The bank insisted its financial position was not a concern, with the chief executive saying its cash reserves were “still very very strong.”

The three major share indexes in the US were all lower in opening trade in New York, while major exchanges across Europe – including the FTSE 100 – were down more than 2.5% at mid-afternoon.

The FTSE 100 has fallen 6% in the past week to reach a three-month low.

Problems at a major bank like Credit Suisse could have widespread repercussions. Banking shares around the world were under pressure, with the Stoxx Europe banking index down more than 6%.

The turmoil in the banking sector began last week with the collapse of SVB, the US’s 16th-largest bank.

The bank – which specialised in lending to technology companies – was shut down by US regulators on Friday in what was the largest failure of a US bank since 2008. SVB’s UK arm was snapped up for £1 by HSBC.

In the wake of the SVB collapse, New York-based Signature Bank also went bust, with the US regulators guaranteeing all deposits at both.

But fears have persisted over the fallout from the collapse and trading in bank shares has been volatile this week.

Credit ratings giant Moody’s on Tuesday warned of more pain ahead for the US banking system, cutting its outlook for the sector to “negative” from stable to reflect the “rapid deterioration in the operating environment”.

“It’s too early to know how widespread the damage is,” Laurence Fink, chief executive of investment giant BlackRock wrote in an annual letter to investors. “The regulatory response has so far been swift, and decisive actions have helped stave off contagion risks.
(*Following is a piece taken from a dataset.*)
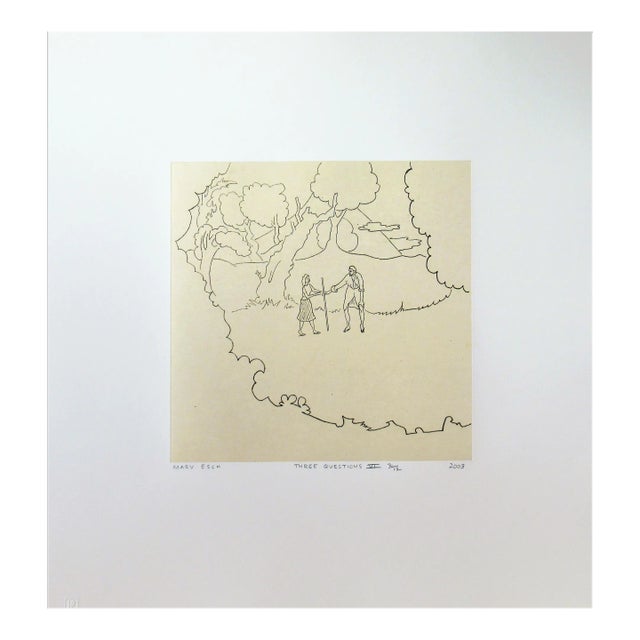 Mary Esch, Three Questions #VI, 2003 For Sale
But markets remain on edge.”

Credit Suisse, founded in 1856, has faced a string of scandals in recent years, including money laundering charges and other issues.

It lost money in 2021 and again in 2022 – its worst year since the financial crisis of 2008 – and has warned it does not expect to be profitable until 2024.

Shares in the firm had already been severely hit before this week – their value falling by roughly two-thirds last year.

Amid the troubles, customers have been transferring funds elsewhere – including 110bn Swiss francs ($120bn) in the last three months of 2022.

The bank’s disclosure on Tuesday of “material weakness” in its financial reporting controls renewed concerns, prompting major investor the Saudi National Bank to say it would not inject further funds into the Swiss lender.

The concerns weighed on share prices of regional banks in the US and even the biggest US banks, which analysts have said should be more stable, saw their shares reverse course after Tuesday’s market recovery.

“Credit Suisse was widely seen as the weakest link among Europe’s large banks, but it is not the only bank which has struggled with weak profitability in recent years,” Mr Kenningham said.

One of the problems that hit SVB was that it was forced to sell US government bonds that it held in order to raise money.

But the value of these bond holdings had fallen over the past year as the US Federal Reserve increased borrowing costs to try to curb inflation.

Many other central banks – including the Bank of England – have also been raising interest rates. As rates rise, the value of bond portfolios has declined.

The falls mean many banks could be sitting on significant potential losses – though the change in value would not typically be a problem unless other pressures – like significant outflows of customer funds -force the firms to sell the holdings.

“The worry is that banks sitting on large unrealised losses in their bond portfolios might not have sufficient buffers if there is a fast withdrawal of deposits,” said Susannah Streeter, head of money and markets at Hargreaves Lansdown.

“Although the biggest players are judged not to be at risk, thanks to the chunky layer of capital they are sitting on and the stable nature of their deposits, the nervousness is palpable.”